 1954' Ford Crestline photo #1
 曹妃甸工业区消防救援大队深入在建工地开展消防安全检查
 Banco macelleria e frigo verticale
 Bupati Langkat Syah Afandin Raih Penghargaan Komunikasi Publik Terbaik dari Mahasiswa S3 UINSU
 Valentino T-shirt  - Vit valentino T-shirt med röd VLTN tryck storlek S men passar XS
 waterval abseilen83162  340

==

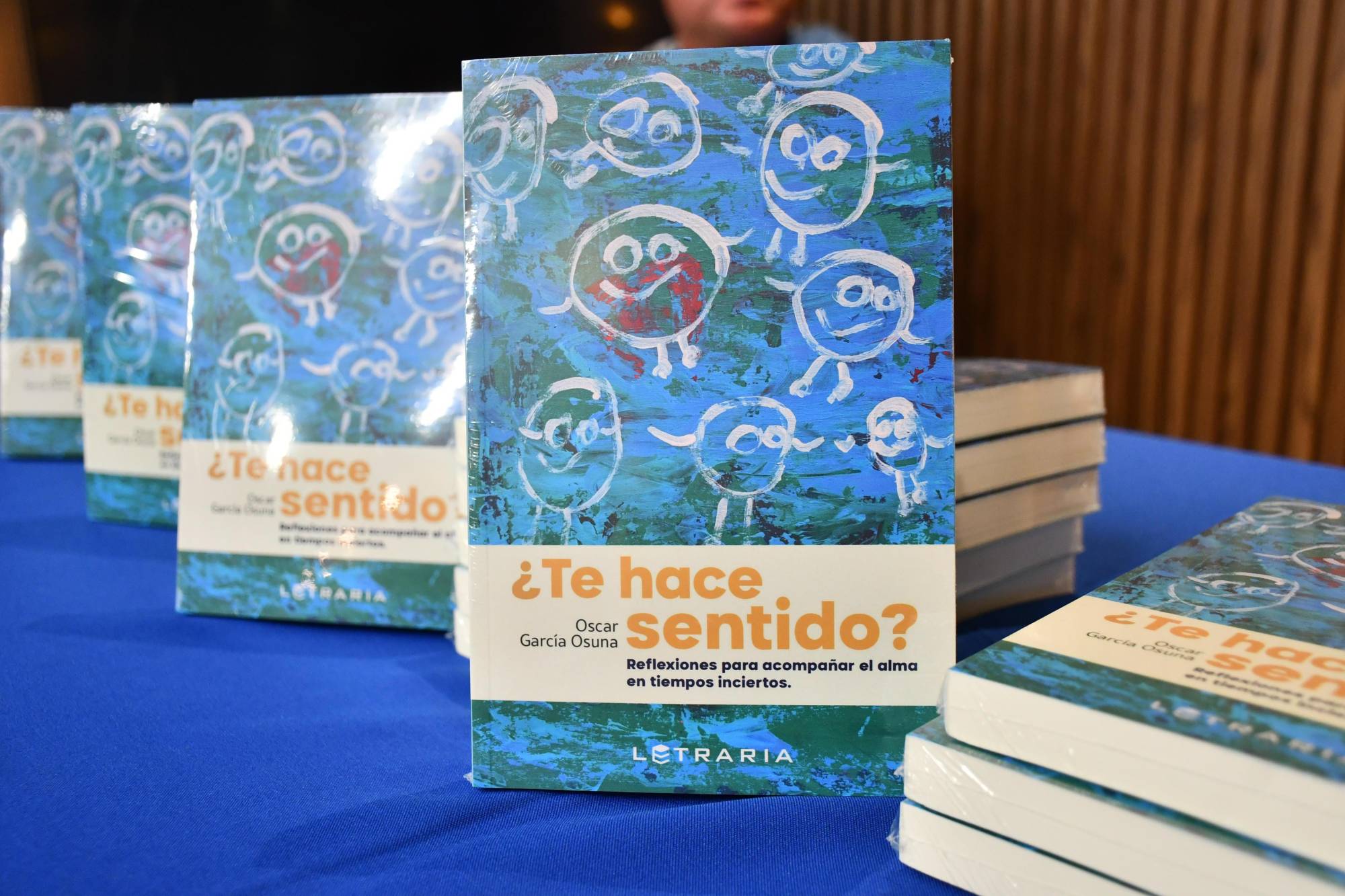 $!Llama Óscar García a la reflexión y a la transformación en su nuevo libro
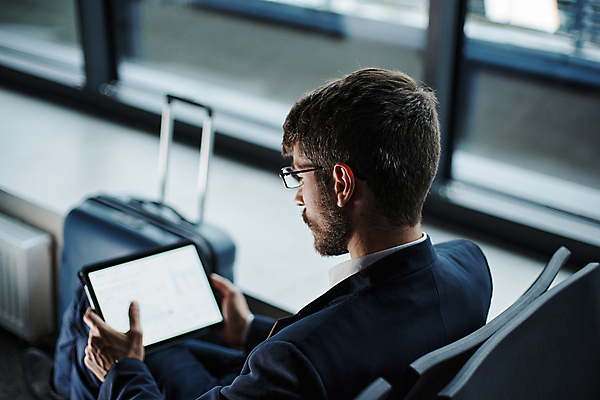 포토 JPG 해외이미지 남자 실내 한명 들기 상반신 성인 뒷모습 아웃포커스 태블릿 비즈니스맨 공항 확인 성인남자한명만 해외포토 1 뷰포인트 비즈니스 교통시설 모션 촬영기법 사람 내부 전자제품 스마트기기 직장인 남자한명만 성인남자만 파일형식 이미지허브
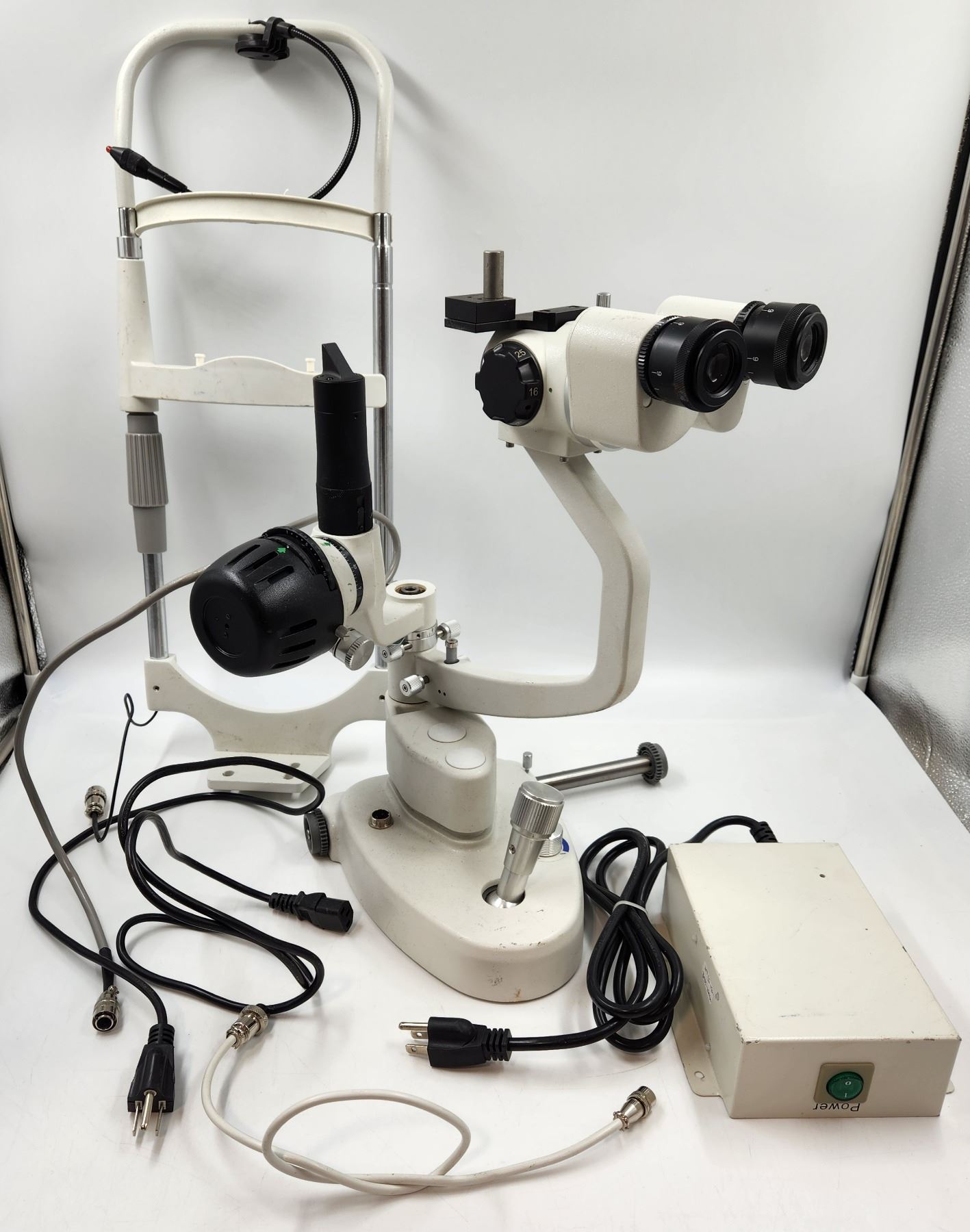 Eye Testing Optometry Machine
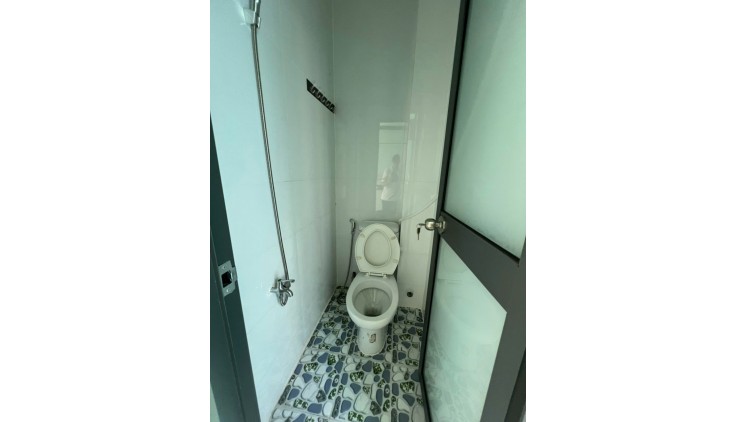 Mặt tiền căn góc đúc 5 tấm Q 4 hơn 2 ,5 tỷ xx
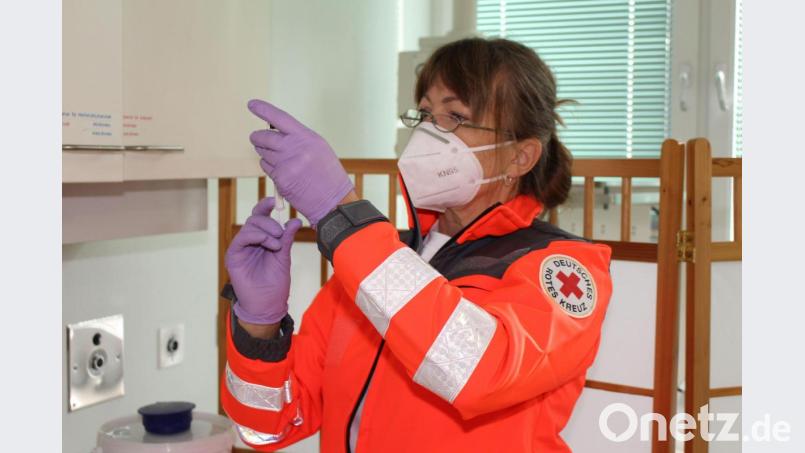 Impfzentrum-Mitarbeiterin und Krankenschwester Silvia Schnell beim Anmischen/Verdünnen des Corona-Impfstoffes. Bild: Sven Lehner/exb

...

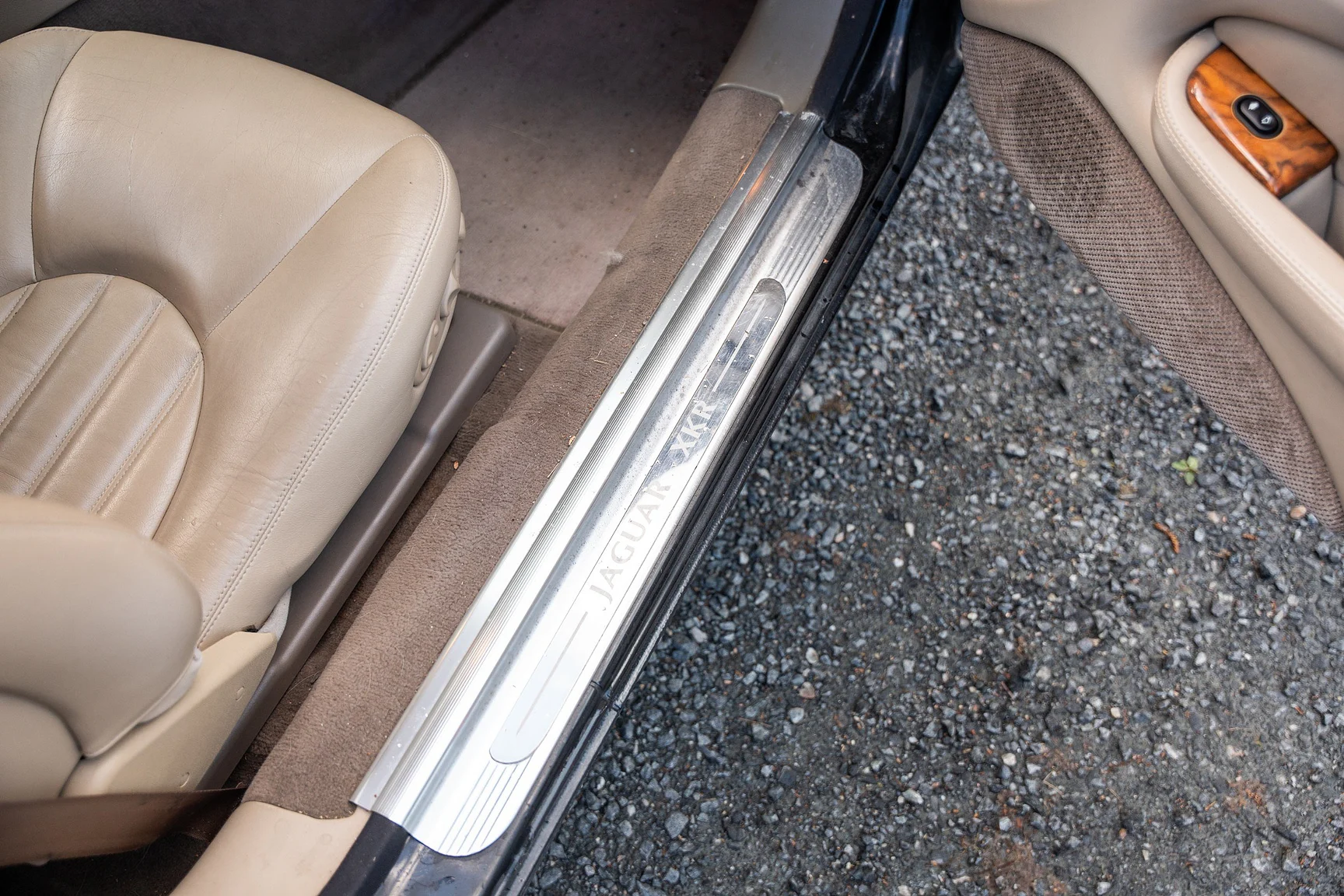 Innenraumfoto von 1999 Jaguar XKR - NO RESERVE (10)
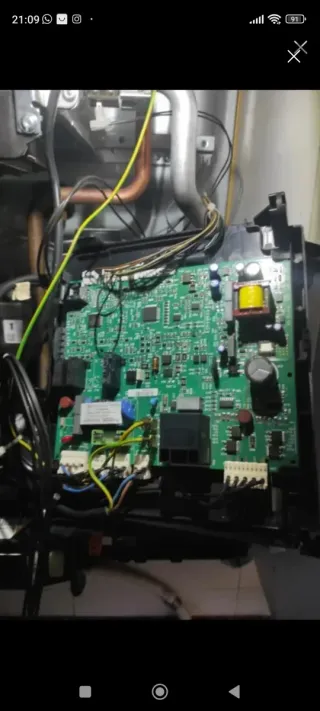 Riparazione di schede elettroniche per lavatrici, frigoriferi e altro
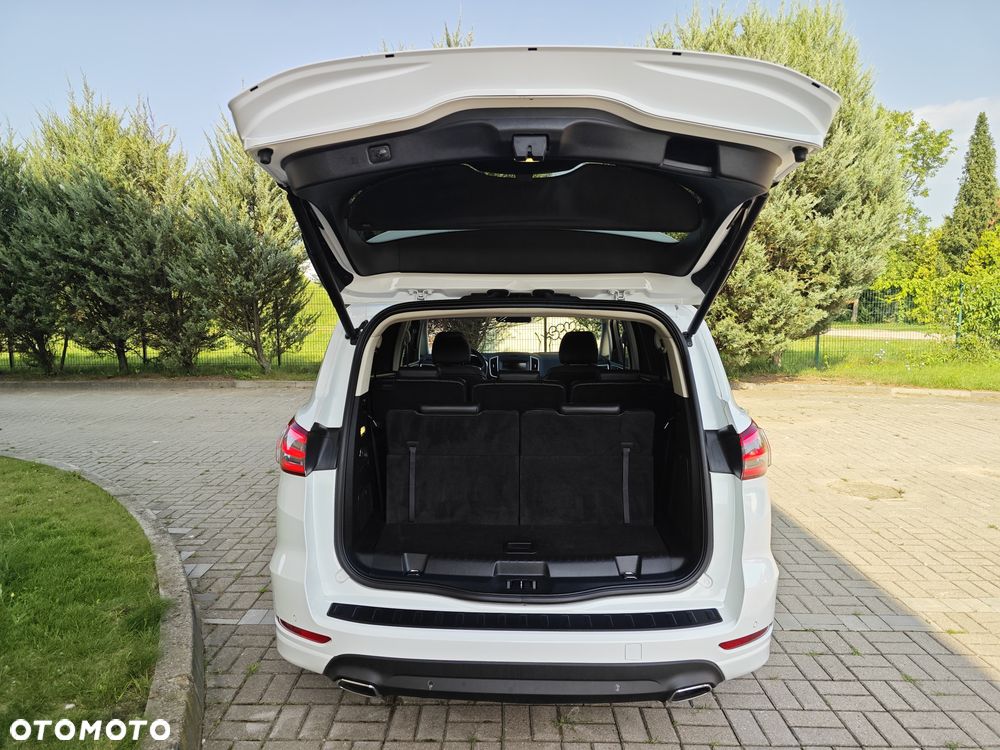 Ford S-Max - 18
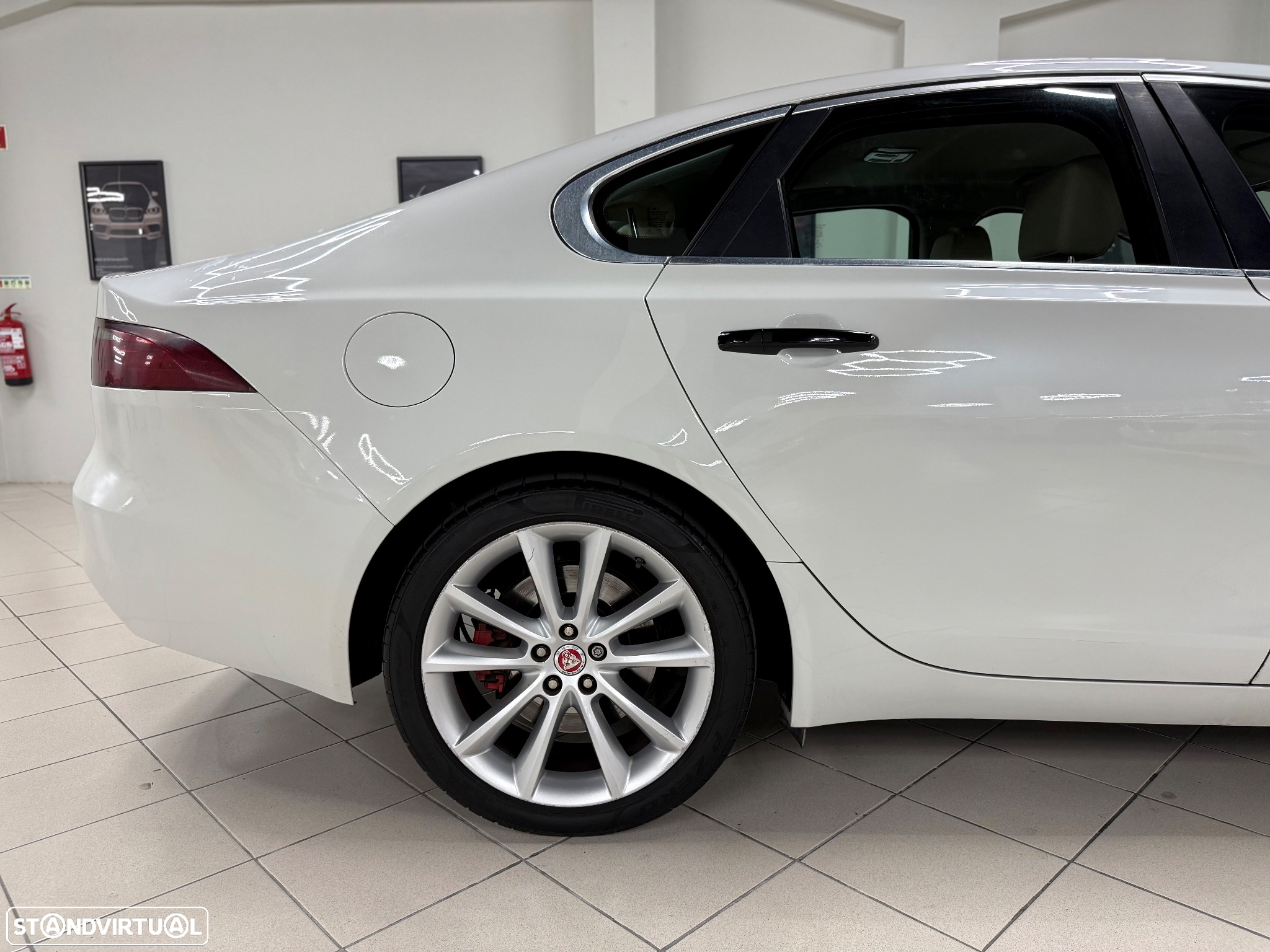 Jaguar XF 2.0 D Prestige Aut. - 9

Exercise:
Reproduce exactly the lines above starting at the line containing "Mặt tiền căn" and ending at the line containing "Impfzentrum-Mitarbeiterin und Krankenschwester", including both, but not the pictures.

Result for this exercise:
 Mặt tiền căn góc đúc 5 tấm Q 4 hơn 2 ,5 tỷ xx
 Impfzentrum-Mitarbeiterin und Krankenschwester Silvia Schnell beim Anmischen/Verdünnen des Corona-Impfstoffes. Bild: Sven Lehner/exb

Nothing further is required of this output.